We have not only the averments of the complaint but we also have admissions by the defendants of certain facts included within which are these publications which I have described.

But I would put before Your Honors, the issue as follows.

David Berger:

The first question is whether or not the complaint states a valid cause of action for violation of Section 610 of the Act.

Secondly, whether the facts averting the complaint and already admitted make out a prima facie of a violation of Section 610; and thirdly, if Your Honor agrees — if Your Honors agree with me on those first two questions, whether the Act Section 610 is unconstitutional facially or as applied by the Third Circuit.

Your Honor, Mr. Justice Rehnquist was entirely correct in observing that the court below did not grant any relief nor did it emanate that whatever kind of relief that was requested by the plaintiffs in the District Court whether by way of injunction or otherwise was proper and correct and should be granted, all it said was let the matter go back to Judge Troutman for a full trial.

I —

Lewis F. Powell, Jr.:

Mr. Berger.

David Berger:

Yes, sir.

Lewis F. Powell, Jr.:

You mentioned and emphasized the size of Bethlehem Steel.

Does not the Act apply to any corporation of any size?

David Berger:

Yes, sir.

I emphasized that may I please Your Honor Justice Powell because I’m about to turn to the underlying policy of the statute and that is to prevent the application of vast resources improperly to influence the federal electoral process, that’s why I emphasized.

Lewis F. Powell, Jr.:

Would the statute apply to the small one-man corporation with assets of a $1,000.00?

David Berger:

Yes, sir.

Lewis F. Powell, Jr.:

Would it apply to a nonprofit corporation?

David Berger:

I do not believe so.

Lewis F. Powell, Jr.:

Why?

Is there any exception?

David Berger:

I don’t find any exception but I find that this Court has put a gloss upon the interpretation that Mr. Justice Frankfurter has said in the UAW case.

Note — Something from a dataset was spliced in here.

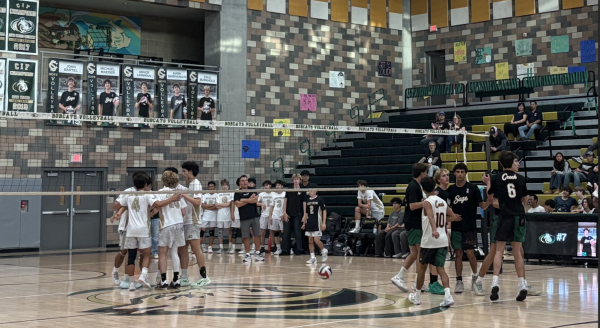 Varsity encourages each other when they lose the point. They are getting ready to receive the serve as they play their game against Westview.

It’s got to be active electioneering.

I’m unaware of any nonprofit corporation which correctly could actively electioneer.

Lewis F. Powell, Jr.:

Are you familiar with League of Women’s Voters?

David Berger:

To a certain extent, I am sir.

Lewis F. Powell, Jr.:

It may or may not be a corporation but it could be and if there large foundations in United States it might very well urge the public together to vote, would you considered that to come within the statute?

David Berger:

I would say that, if the League of Women Voters assuming it were a corporation and it sent these messages out to its own stockholders.

If that what’s Your Honors are telling me, then that is explicitly accepted by the Act, sir.

Lewis F. Powell, Jr.:

Suppose it ran an ad in the same publications?

David Berger:

If it could be arguably urge that that would violate, that’s not this case.

We do not have that case here Your Honor and I’m not asking Your Honors to make a decision on anything except the averments in this case.

It may very well be that in that kind of case came up.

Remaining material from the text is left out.